Bobbitt's willingness to point fingers only at herself when the point guard play is not up to par is one of the reasons she earned Pat Summitt's respect so early in the season. Nothing has happened to change Summitt's assessment of Bobbitt, who is in her first year at Tennessee.

"I'm comfortable," Summitt said. "I think the important thing is that she's comfortable. The one thing about her, Shannon is one of the most coachable guards I've ever coached at Tennessee. She wants to get it right. She wants to learn. She's constantly asking. She's watching film.

"She's not afraid of the big stage. If anything you have to settle her down. I thought in the LSU game she got those two quick fouls and then put a lot of pressure on herself. I think my job is to let her know what I expect and try to keep her loose. Have that focus but also have that confidence that goes with it."

Bobbitt acknowledged some nerves early in the season, but then she remembered her roots in New York and summoned those memories to settle herself down.

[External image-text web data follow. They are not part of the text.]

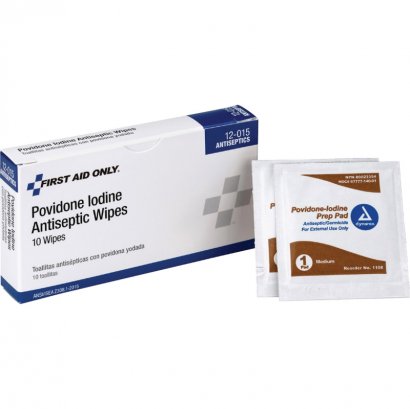 First Aid Only Povidone Iodine Antiseptic Wipes 12015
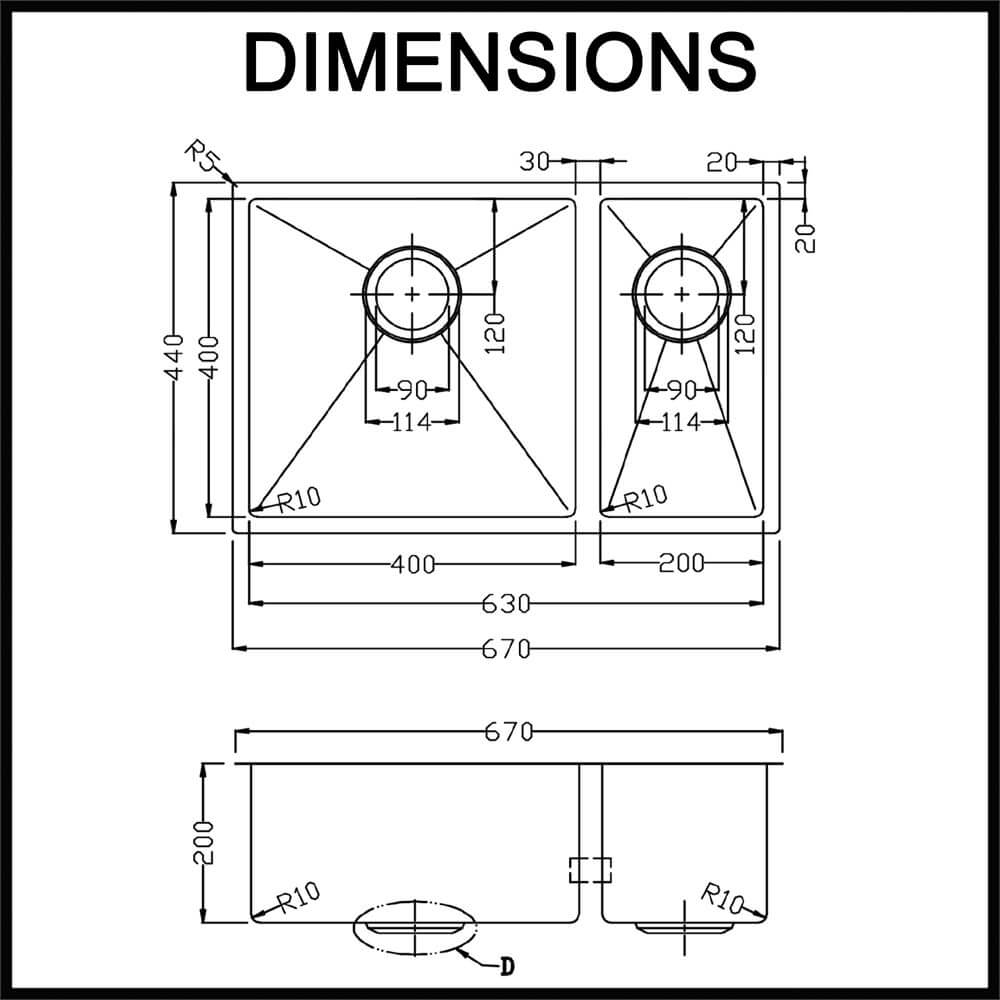 Meir 670mm 1 & 1/2 bowl kitchen sink dimensions guide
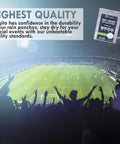 Crowd at a stadium celebrating, with product image for Clear Emergency Rain Ponchos For Adults Thick 0.03mm PE Waterproof Rain Gear inset.
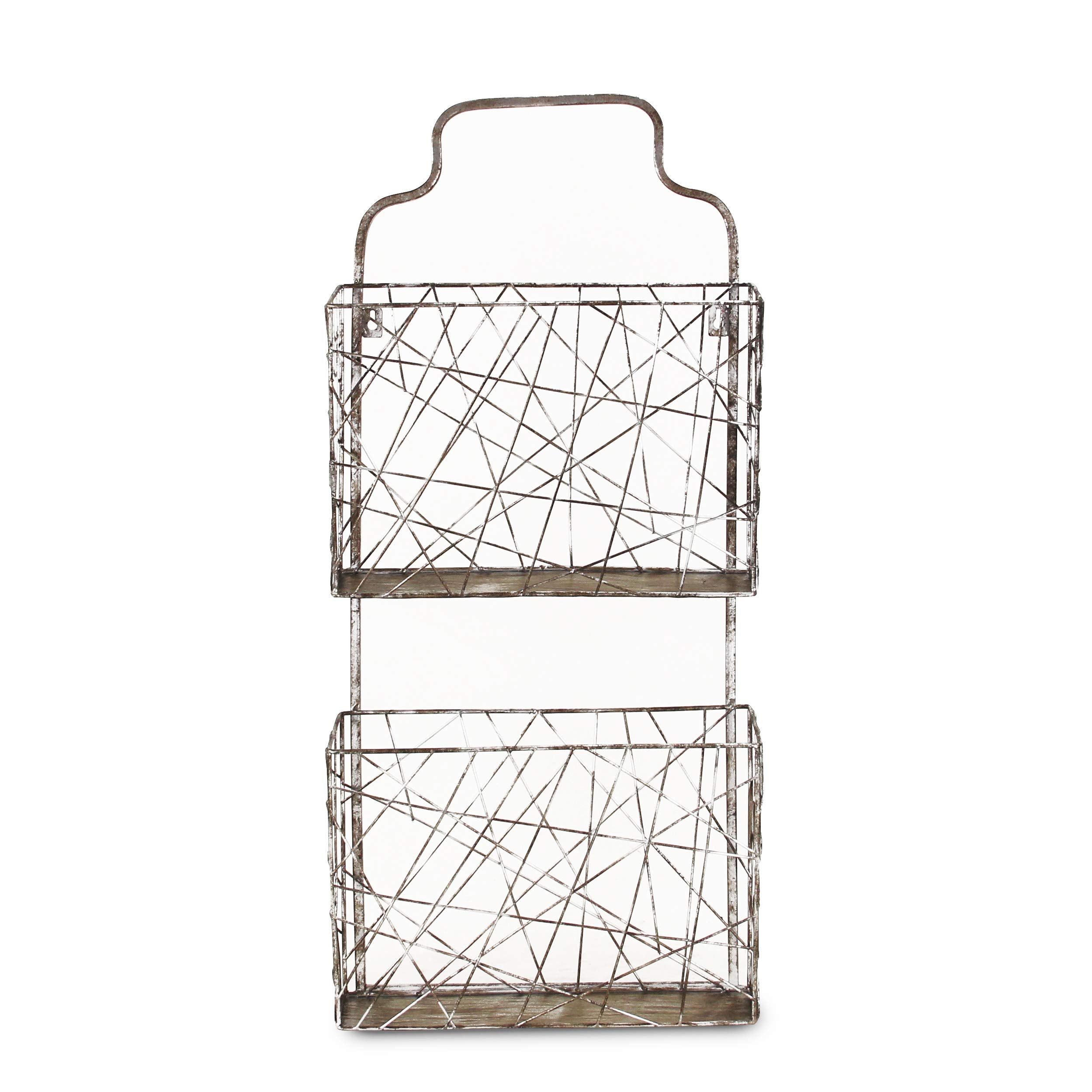 Honora 2 Tier Abstract Metal Wall Organizer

"I had a couple of games where I was too nervous, and I played too uptight instead of just relaxing and playing my game," Bobbitt said. "I'm not nervous as far as the stage and the crowd, because I played at Rucker Park so I just have to know how to keep my composure and let the game come to me."

Still, Bobbitt will play in her first NCAA Tournament game when Tennessee, 28-3, takes on Drake, 14-18, on Sunday at 7 p.m. (ESPN2) at the Petersen Events Center in Pittsburgh. She is readily aware of that.

"I don't even know what to expect going into the NCAA Tournament," Bobbitt said. "I have some of the returning players letting me know how it's going to be. I'm just trying to practice as if I'm in a game situation."

So far, so good in that regard.

"I think she's had some really good practices," Summitt said. "I've been pleased."

Summitt has two young point guards this season in Bobbitt and freshman Cait McMahan. Both have had some shaky games and others where they were poised and handled the pressure.

"I don't think she's your true freshman," Summitt said of the first-year Bobbitt who played two years in junior college. "Hopefully this first, second round we can do what we need to do there. We can get her settled down a little bit. You always have the option if Shannon and Cait are overanxious to look at Alexis in that position."

Junior guard Alexis Hornbuckle has had to play the point position on and off for three years. In her freshman year Loree Moore had her tonsils removed and missed several weeks. In her sophomore year Sa'de Wiley-Gatewood transferred at mid-season. In her junior year she had had to take the reins on occasion to settle down the team or help out when Bobbitt or McMahan got in foul trouble.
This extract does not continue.